Ketua Komisi VIII DPR: Film Itu Bentuk Kesombongan dan Arogansi Polri

 Ketua Komisi VIII DPR: Film Itu Bentuk Kesombongan dan Arogansi Polri

Ketua Komisi VIII DPR RI dari Fraksi PAN Ali Taher

JAKARTA – PENOLAKAN terhadap Film ‘Kau Adalah Aku yang Lain’ (KAAL) terus berlangsung. Film pendek yang menjadi pemenang dalam festival yang digagas oleh Mabes Polri ‘Police Movie Festival IV 2017’ dengan diunggah ke Youtube dan dibagikan melalui akun Facebook dan Twitter Divisi Humas Polri Sabtu (24/6/2017) lalu.

Meski Sutradara film itu Anto Galon, sudah meminta maaf, dan Polri pun sudah menghapus video tersebut karena protes terus mengalir. Mulai dari anggota DPR, dai, tokoh dan pimpinan ormas Islam, bahkan pakar hukum pidana pun turut menyesalkan film yang dinilai menodai ajaran Islam itu.

Ketua Komisi VIII DPR M Ali Taher dengan tegas menyatakan bahwa video itu sebagai bagian dari cara membangun opini yang tidak bagus terkait toleransi umat Islam Indonesia.
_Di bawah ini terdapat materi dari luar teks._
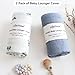 LifeTree Muslin Baby Lounger Cover, Newborn Slipcover Lounger Cover for Boys Girls Infant, Soft Organic Cotton, Cover Only, Blueberries and Mist Blue, 30.7in x 20in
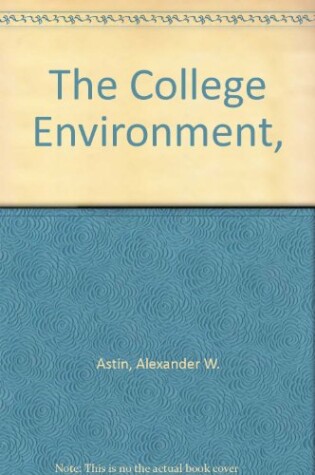 Cover of College Environment
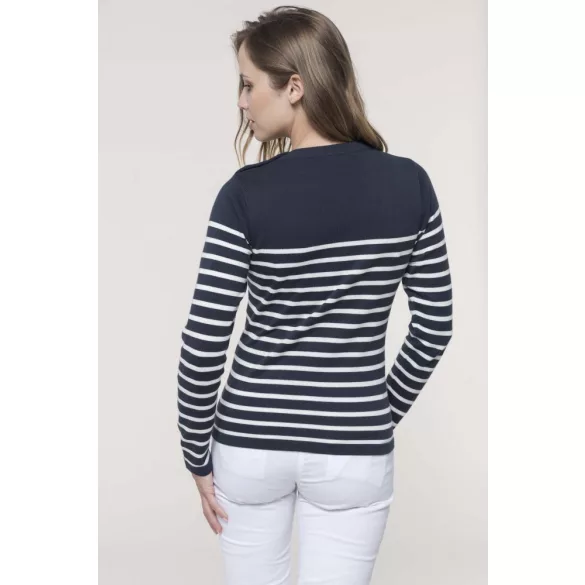 KA990-Bluza-tip-marinar-dama-MENS-SAILOR-JUMPER-Striped-Navy/Off-White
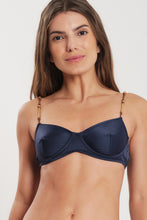 Carica l'immagine nel visualizzatore di Gallery, Gallery: Blueman Reggiseno Top Navy-Blue Perfume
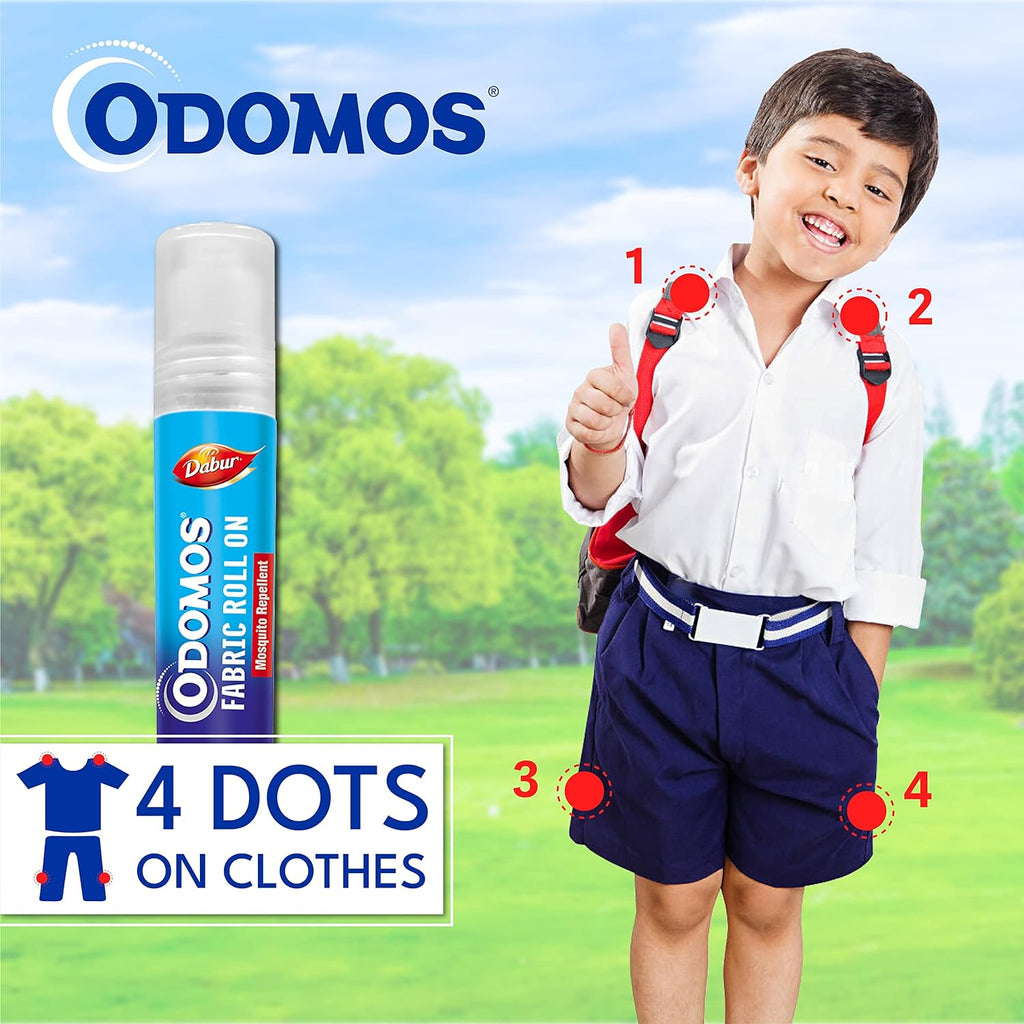 Odomos Mosquito Repellant Fabric Roll On - 8 ml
“Film itu saya sudah tonton dua kali. Polisi tidak cukup bisa memberi pemahaman bahwa umat Islam dalam konteks sosial sangat toleran. Dalam ajaran Islam seperti dalam film itu,” kata Ali pada lintasparlemen.com, Sabtu (1/7/2017).

Alasan itu sehingga Ali mengingatkan polisi, jangan sampai aparat kepolisian menjadi sumber konflik dan fitnah baru bagi umat Islam yang selama ini sudah sangat akomodatif terhadap berbagai persoalan di dalam negeri.

“Makanya, kita ingin agar polisi itu berhati-hati menggunakan simbol-simbol keagamaan di dalam menyampaikan pesan-pesan sosial apalagi pada kondisi saat ini. Islam tak demikian dalam film karena Islam dibangun di atas landasan rahmatan lil ‘aalamiin,” ujar politisi PAN ini.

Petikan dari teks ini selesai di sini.